Andrew Strauss dismissed the significance of his absence. "Goochie was here for the preparation days," the captain said. "The batting coach doesn't bat for you – never has done, never will do."
It is also true that in their team director, Andy Flower, the England batsmen retain access to the mind of one of the finest players of spin in recent times. But as they contemplate more days in the nets facing some combination of local bowlers, bowling machines and various members of their support staff impersonating Saeed Ajmal's skiddy doosra, Gooch's unavailability to lend his expertise does not look good.
On the evidence of their first innings performances here, Alastair Cook and Jonathan Trott are at least heading in the right direction. Cook followed a rare double failure in the first Test, when he was undone by the early introduction of the off-spinner Mohammad Hafeez in the first innings and gloved a hook at Umar Gul in the second, by grinding to 94, England's top score of the series – although after being denied a century by Ajmal's doosra, he fell again to Hameez second time around after eking out seven from 40 balls.

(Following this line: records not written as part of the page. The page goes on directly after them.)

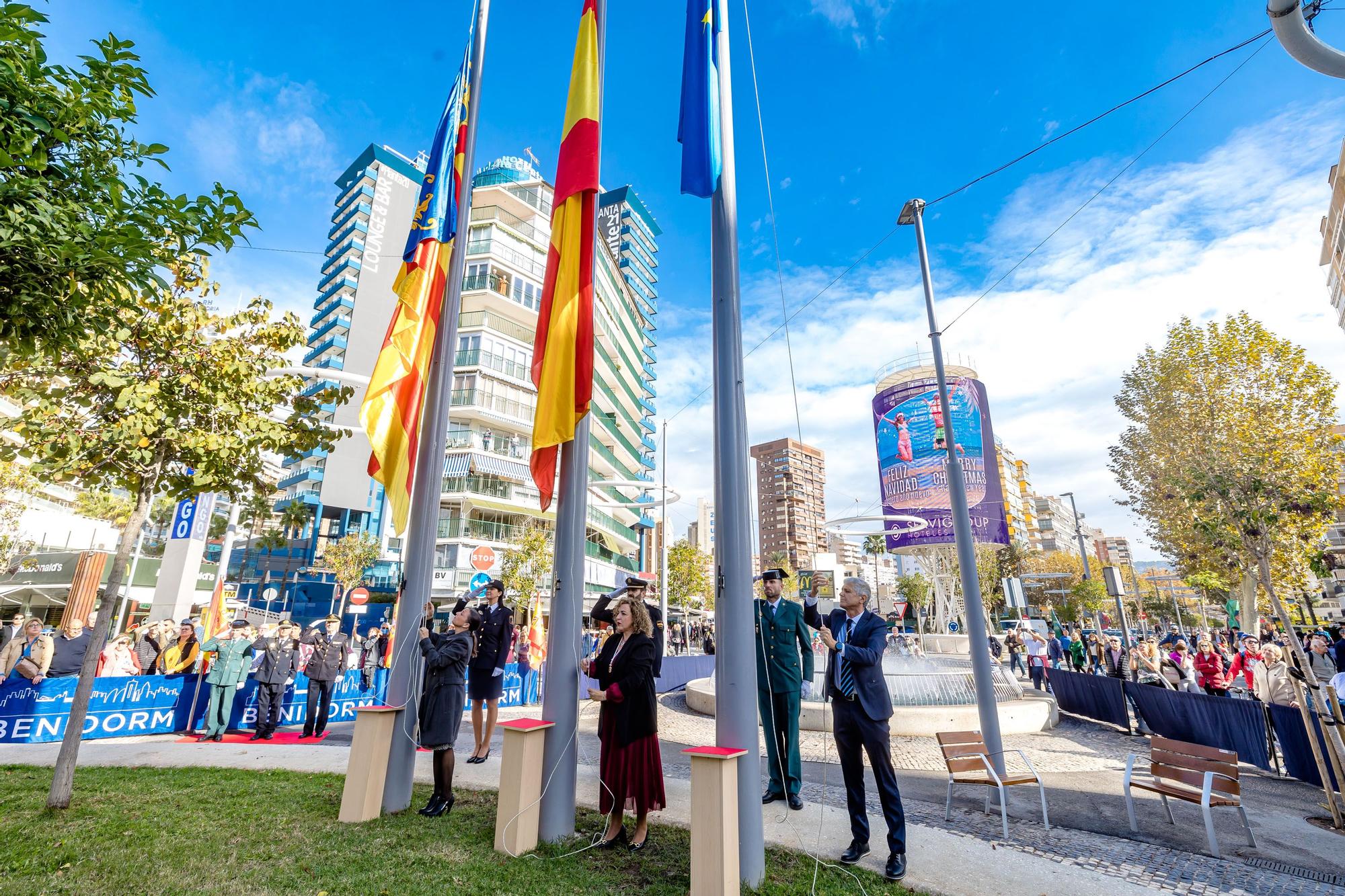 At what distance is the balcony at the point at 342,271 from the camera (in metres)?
63.9

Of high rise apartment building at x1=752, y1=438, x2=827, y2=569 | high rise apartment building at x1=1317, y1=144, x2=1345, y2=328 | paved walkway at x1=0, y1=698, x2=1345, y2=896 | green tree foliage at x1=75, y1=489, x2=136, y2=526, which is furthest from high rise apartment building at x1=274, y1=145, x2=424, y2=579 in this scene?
high rise apartment building at x1=752, y1=438, x2=827, y2=569

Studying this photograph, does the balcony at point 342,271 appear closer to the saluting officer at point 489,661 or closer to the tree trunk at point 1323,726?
the saluting officer at point 489,661

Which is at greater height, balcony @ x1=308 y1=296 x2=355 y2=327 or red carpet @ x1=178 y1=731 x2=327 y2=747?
balcony @ x1=308 y1=296 x2=355 y2=327

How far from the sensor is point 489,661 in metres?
8.72

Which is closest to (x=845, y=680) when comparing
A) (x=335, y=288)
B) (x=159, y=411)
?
(x=159, y=411)

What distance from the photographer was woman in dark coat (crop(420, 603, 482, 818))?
6070 mm

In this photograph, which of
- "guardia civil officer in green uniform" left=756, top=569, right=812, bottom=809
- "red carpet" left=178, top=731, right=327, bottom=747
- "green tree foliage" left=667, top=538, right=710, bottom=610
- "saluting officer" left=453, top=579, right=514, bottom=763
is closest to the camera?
"guardia civil officer in green uniform" left=756, top=569, right=812, bottom=809

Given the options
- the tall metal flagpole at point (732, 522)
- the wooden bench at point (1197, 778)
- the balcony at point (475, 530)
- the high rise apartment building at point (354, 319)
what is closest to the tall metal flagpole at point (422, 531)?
the tall metal flagpole at point (732, 522)

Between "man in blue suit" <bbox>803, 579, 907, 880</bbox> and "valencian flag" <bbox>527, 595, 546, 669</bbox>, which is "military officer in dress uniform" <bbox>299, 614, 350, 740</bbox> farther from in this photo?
"man in blue suit" <bbox>803, 579, 907, 880</bbox>

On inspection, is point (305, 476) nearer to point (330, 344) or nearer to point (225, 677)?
point (330, 344)

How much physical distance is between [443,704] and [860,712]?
3914 millimetres

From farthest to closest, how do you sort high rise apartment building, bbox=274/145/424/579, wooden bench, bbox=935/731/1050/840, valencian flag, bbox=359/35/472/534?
high rise apartment building, bbox=274/145/424/579
valencian flag, bbox=359/35/472/534
wooden bench, bbox=935/731/1050/840

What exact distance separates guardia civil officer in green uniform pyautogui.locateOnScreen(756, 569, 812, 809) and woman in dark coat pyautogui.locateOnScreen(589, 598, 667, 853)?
4.91ft

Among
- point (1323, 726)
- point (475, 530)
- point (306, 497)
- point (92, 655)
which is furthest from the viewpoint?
point (306, 497)
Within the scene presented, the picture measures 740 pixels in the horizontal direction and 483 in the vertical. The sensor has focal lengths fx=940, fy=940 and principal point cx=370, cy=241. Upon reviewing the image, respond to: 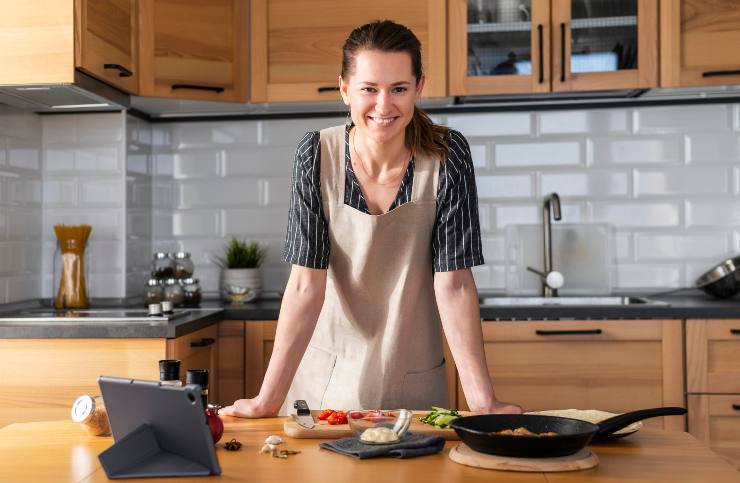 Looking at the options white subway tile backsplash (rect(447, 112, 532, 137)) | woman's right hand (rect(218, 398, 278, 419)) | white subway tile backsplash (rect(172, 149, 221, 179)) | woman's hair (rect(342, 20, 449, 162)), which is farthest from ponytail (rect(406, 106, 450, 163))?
white subway tile backsplash (rect(172, 149, 221, 179))

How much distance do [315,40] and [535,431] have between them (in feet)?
7.92

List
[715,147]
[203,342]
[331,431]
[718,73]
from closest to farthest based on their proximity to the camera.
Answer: [331,431], [203,342], [718,73], [715,147]

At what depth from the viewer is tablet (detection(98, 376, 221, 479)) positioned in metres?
1.41

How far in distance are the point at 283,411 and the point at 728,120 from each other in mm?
2361

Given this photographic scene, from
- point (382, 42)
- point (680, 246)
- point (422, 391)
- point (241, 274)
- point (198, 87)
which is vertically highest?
point (198, 87)

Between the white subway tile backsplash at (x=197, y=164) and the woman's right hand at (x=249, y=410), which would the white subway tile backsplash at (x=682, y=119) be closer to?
the white subway tile backsplash at (x=197, y=164)

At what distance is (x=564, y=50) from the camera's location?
359cm

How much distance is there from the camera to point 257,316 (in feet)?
11.2

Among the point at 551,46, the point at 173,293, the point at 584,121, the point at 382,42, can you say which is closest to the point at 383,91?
the point at 382,42

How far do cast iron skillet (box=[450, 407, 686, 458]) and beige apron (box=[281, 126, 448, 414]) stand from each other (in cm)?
68

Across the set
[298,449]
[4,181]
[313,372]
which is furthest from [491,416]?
[4,181]

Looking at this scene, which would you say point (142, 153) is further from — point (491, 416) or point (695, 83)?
point (491, 416)

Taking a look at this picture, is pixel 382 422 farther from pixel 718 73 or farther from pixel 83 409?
pixel 718 73

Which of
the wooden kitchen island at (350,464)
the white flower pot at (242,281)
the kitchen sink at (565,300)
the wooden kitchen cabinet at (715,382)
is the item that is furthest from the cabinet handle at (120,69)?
the wooden kitchen cabinet at (715,382) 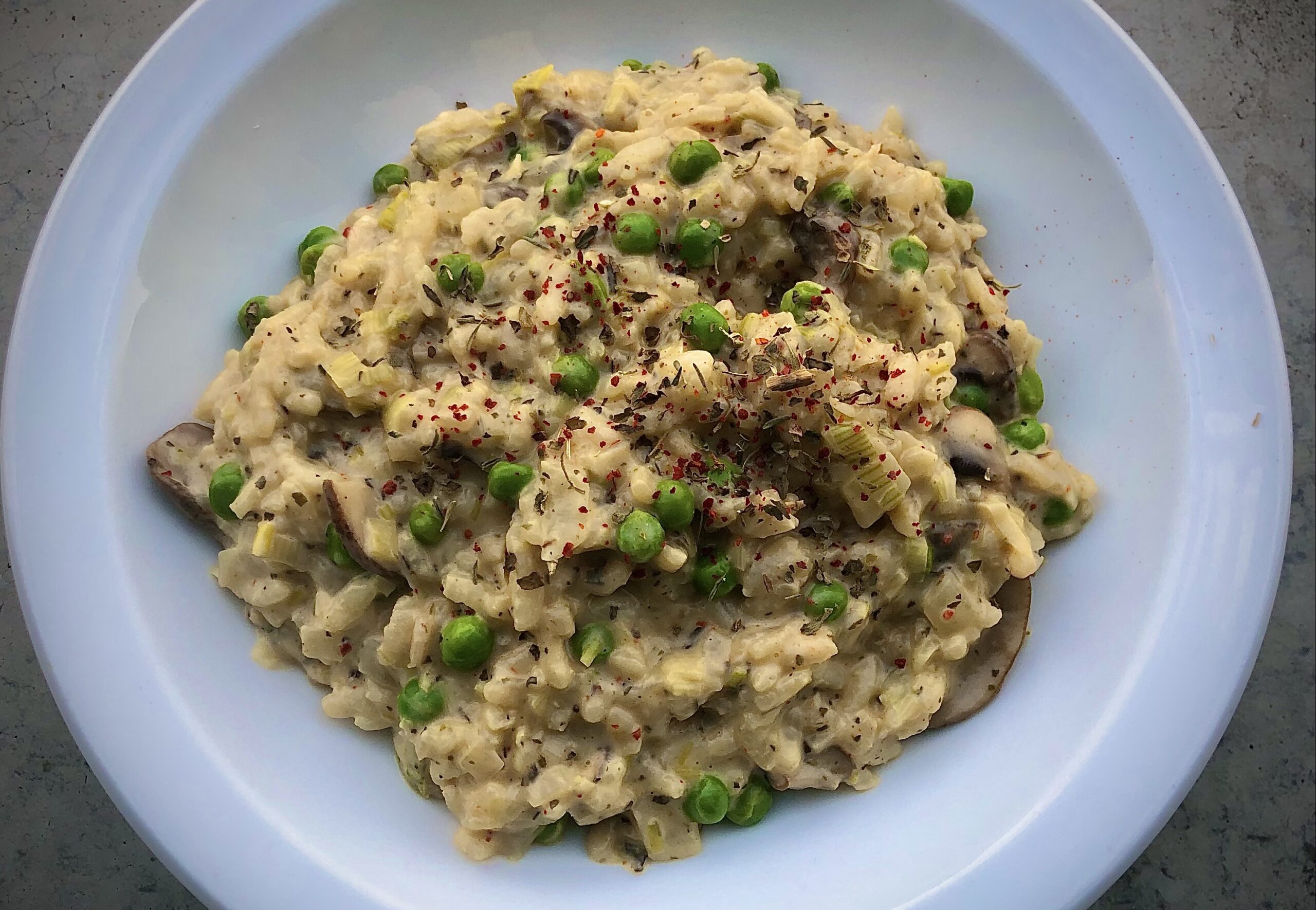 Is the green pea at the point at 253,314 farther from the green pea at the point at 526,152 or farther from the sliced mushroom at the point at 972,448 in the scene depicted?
the sliced mushroom at the point at 972,448

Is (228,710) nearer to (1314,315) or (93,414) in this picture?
(93,414)

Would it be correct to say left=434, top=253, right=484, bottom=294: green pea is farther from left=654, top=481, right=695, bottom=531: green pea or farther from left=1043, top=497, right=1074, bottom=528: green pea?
left=1043, top=497, right=1074, bottom=528: green pea

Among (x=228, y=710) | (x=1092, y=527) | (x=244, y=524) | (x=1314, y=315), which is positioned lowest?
(x=228, y=710)

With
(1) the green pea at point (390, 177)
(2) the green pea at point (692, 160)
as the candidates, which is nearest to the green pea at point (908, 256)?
(2) the green pea at point (692, 160)

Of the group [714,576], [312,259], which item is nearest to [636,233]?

Trott has looked comfortably England's most accomplished player of spin, falling twice to the seamers in the first Test – where he scored 49 in the second innings – and grafting to 74 in Abu Dhabi, where his second-innings failure could be excused by the stomach problems that had forced him to drop to seven in the batting order. But the other four members of the top six continue to grope in the dark.
Strauss offered the most extended resistance in England's second innings, but it would be misleading to claim that he was ever leading a victory bid, as he needed a lucky let-off from the television umpire to reach 32 from 100 balls before he was fifth out, falling to spin for the third time in the series. He has 68 runs from four innings, a modest total that is, nonetheless, more than Ian Bell and Kevin Pietersen, England's most positive strokemakers, have managed between them.
After struggling almost as cluelessly on the second evening here as he had in falling to a pair of Ajmal doosras in Dubai, Bell had hinted at cracking the code when he moved to 29 on Friday morning, but his dismissals in each innings were disappointingly tame. Pietersen has strung together scores of 1, 14, 2 and 0, which suggests that his problems with spin continue.
But it is Eoin Morgan who must be causing the most concern, both to himself and his coaches, wherever they are. This series was seen as his big chance to confirm his ability to fill the key role at No6, whether to step on the accelerator or dig England out of a hole. Instead, after flattering to deceive in double-figure scores in Dubai, he has floundered haplessly in making three from 24 balls in two innings here.
Even though he has not batted in the middle all tour, Ravi Bopara must surely be expecting a recall when England seek to avoid the further embarrassment of a whitewash back in Dubai on Friday.